**Activity**
Once the pictures are set aside, reproduce the entries below exactly.

::: Entries provided

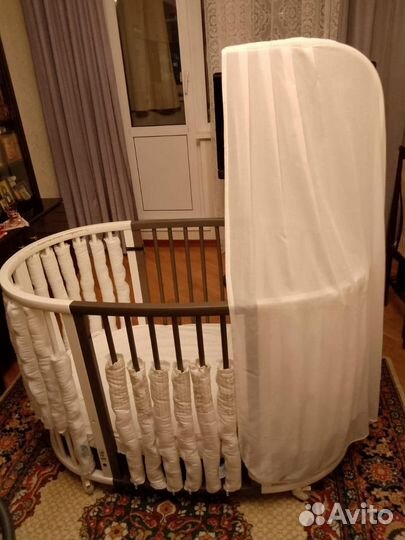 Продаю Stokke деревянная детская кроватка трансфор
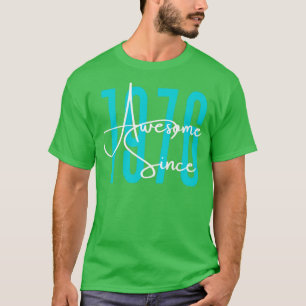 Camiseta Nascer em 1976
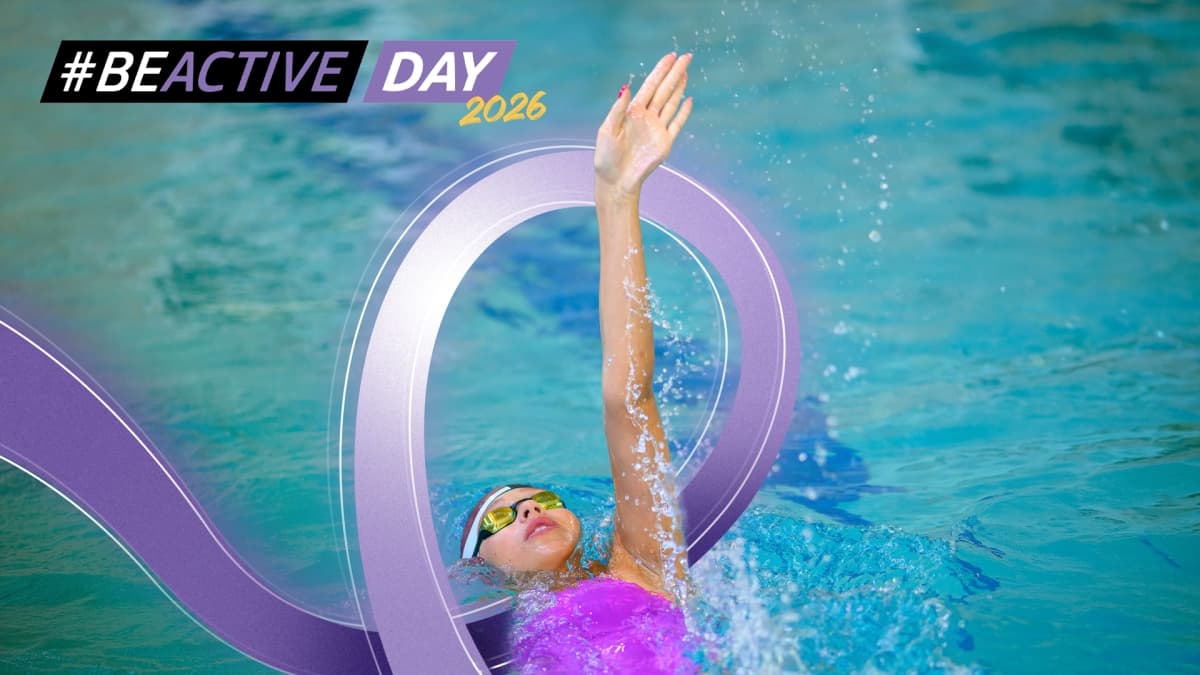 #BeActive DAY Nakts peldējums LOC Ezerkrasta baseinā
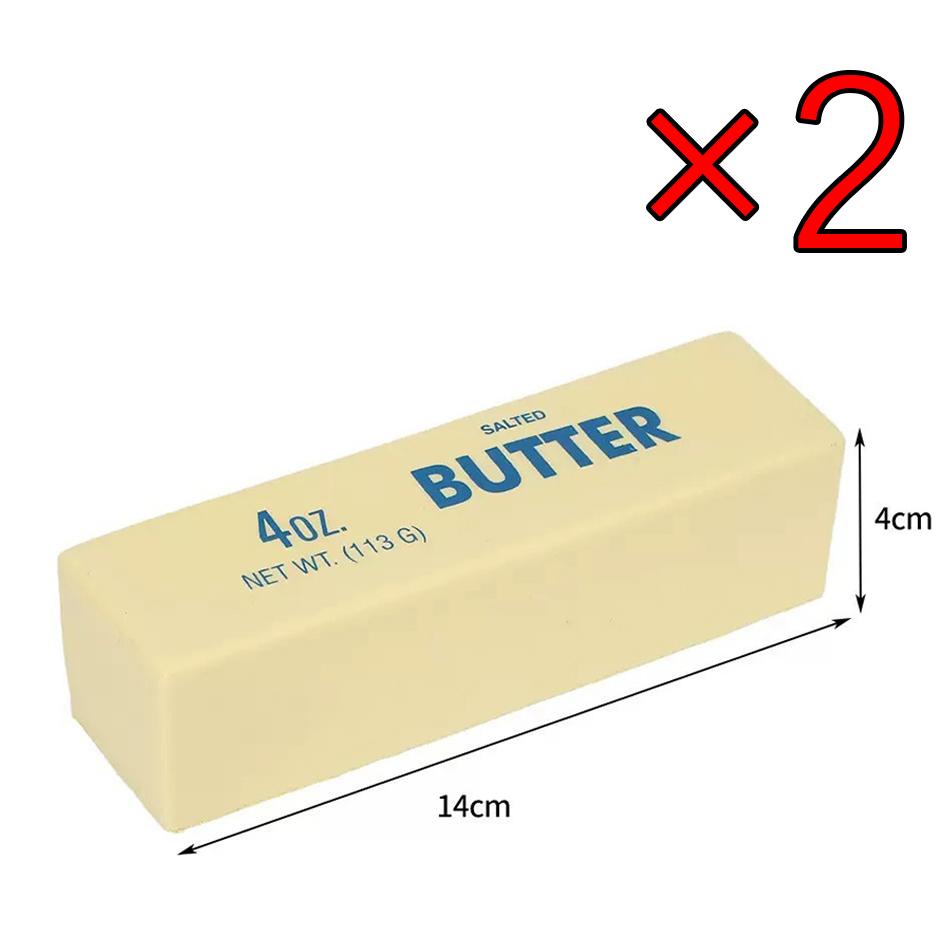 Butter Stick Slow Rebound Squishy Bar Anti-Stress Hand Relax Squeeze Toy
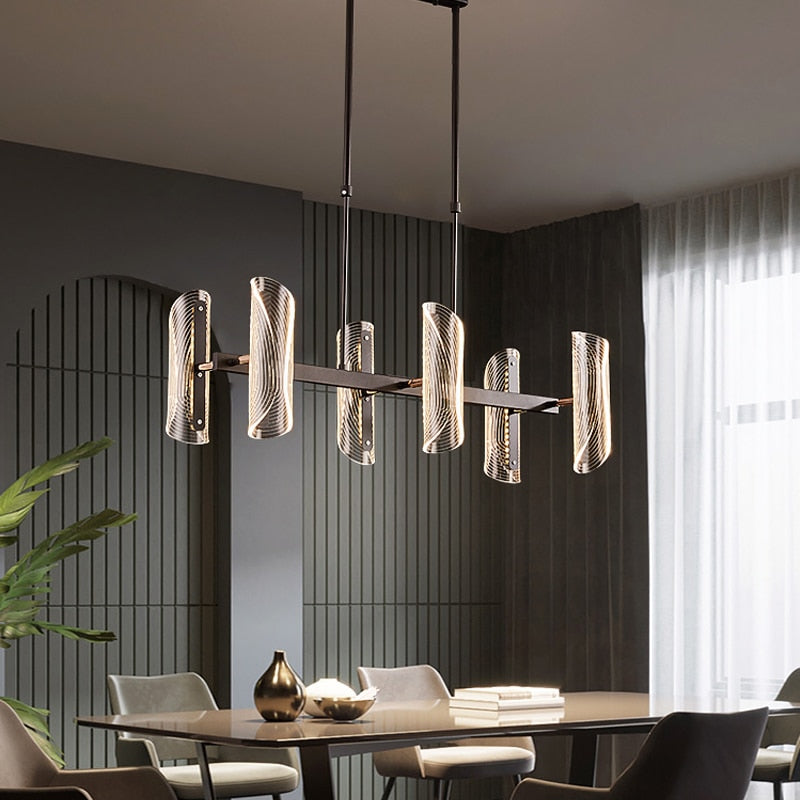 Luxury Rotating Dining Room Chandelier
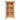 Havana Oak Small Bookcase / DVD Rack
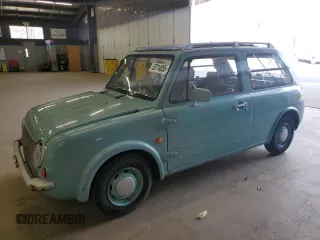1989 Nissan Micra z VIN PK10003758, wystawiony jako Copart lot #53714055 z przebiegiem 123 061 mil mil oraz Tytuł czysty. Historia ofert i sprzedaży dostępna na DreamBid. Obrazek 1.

::::::

**Task result**
 Продаю Stokke деревянная детская кроватка трансфор
 Camiseta Nascer em 1976
 #BeActive DAY Nakts peldējums LOC Ezerkrasta baseinā
 Butter Stick Slow Rebound Squishy Bar Anti-Stress Hand Relax Squeeze Toy
 Luxury Rotating Dining Room Chandelier
 Havana Oak Small Bookcase / DVD Rack
1989 Nissan Micra z VIN PK10003758, wystawiony jako Copart lot #53714055 z przebiegiem 123 061 mil mil oraz Tytuł czysty. Historia ofert i sprzedaży dostępna na DreamBid. Obrazek 1.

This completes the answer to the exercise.